* Data shown:
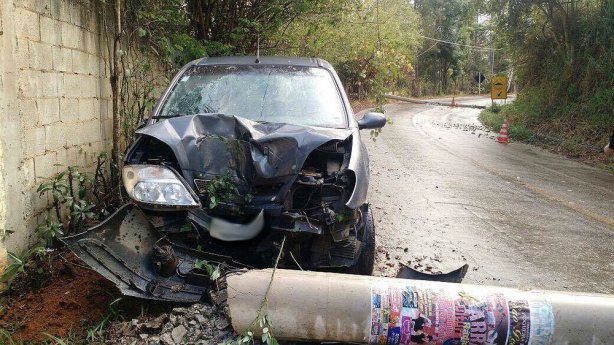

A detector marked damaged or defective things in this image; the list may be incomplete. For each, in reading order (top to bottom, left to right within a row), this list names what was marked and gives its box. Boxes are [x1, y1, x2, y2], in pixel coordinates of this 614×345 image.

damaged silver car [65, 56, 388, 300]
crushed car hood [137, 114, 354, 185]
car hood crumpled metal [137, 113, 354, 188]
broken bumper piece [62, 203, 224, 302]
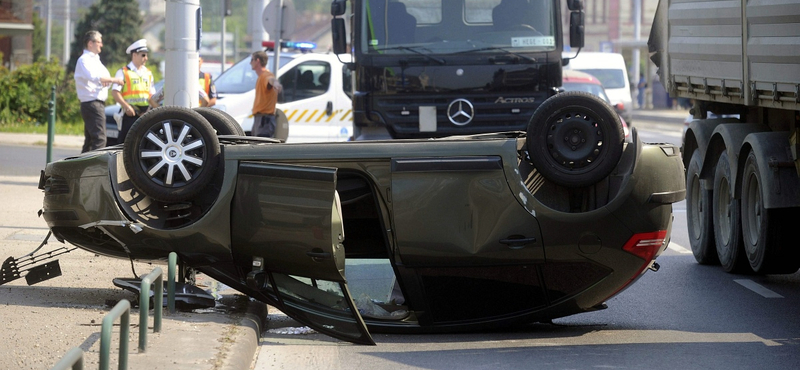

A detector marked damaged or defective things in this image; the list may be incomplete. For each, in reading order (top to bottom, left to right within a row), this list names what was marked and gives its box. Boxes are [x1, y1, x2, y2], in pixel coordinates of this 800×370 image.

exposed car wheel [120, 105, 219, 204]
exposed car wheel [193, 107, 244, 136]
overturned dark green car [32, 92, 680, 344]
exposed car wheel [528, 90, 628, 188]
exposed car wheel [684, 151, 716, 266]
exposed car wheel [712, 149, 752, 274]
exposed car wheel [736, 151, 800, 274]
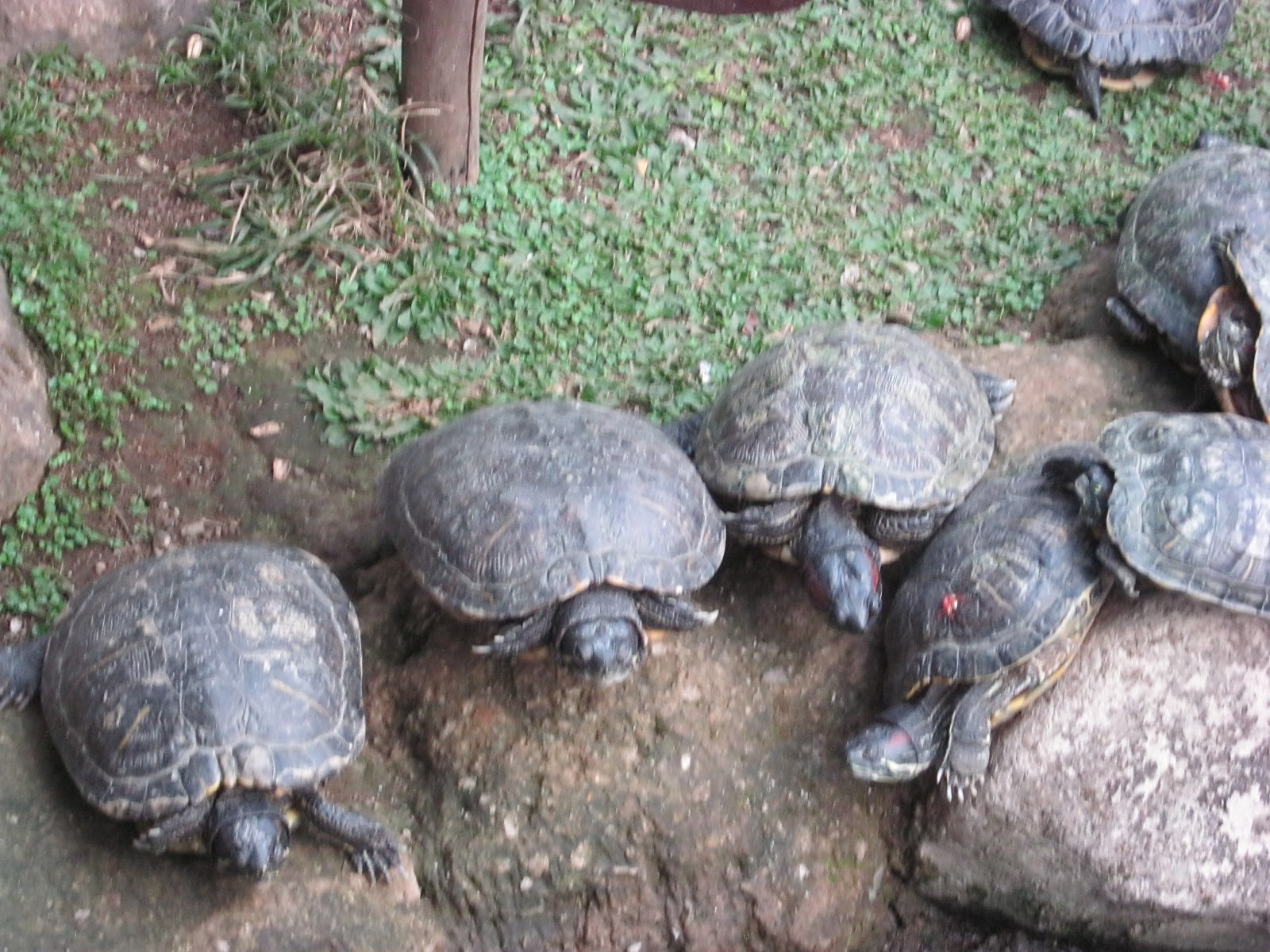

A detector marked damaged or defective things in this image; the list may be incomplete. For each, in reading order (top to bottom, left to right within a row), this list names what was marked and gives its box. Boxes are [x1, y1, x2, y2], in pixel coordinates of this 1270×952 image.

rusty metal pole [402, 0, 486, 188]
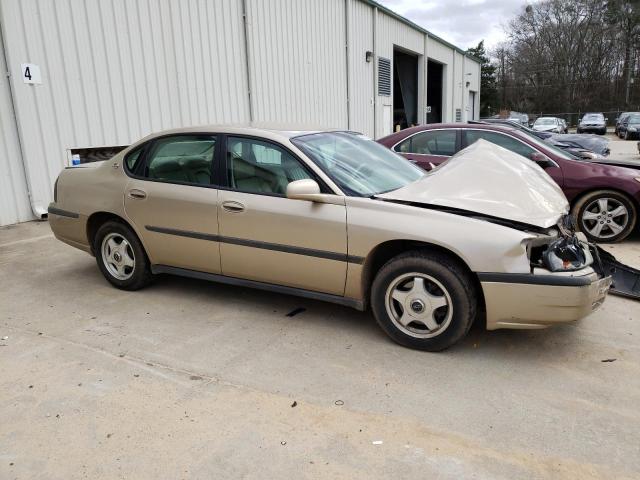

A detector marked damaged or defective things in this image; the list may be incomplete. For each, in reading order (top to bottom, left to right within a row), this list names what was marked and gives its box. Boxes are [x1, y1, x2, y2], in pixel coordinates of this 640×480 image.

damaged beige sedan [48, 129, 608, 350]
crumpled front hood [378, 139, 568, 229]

* About this task: "this 640×480 image." marks the first line to print; reproduce that line and every line after it through the end of the listing above.

* The answer:
A detector marked damaged or defective things in this image; the list may be incomplete. For each, in reading order (top to bottom, left to right within a row), this list names what was marked and gives its box. Boxes are [x1, y1, x2, y2], in pixel coordinates of this 640×480 image.

damaged beige sedan [48, 129, 608, 350]
crumpled front hood [378, 139, 568, 229]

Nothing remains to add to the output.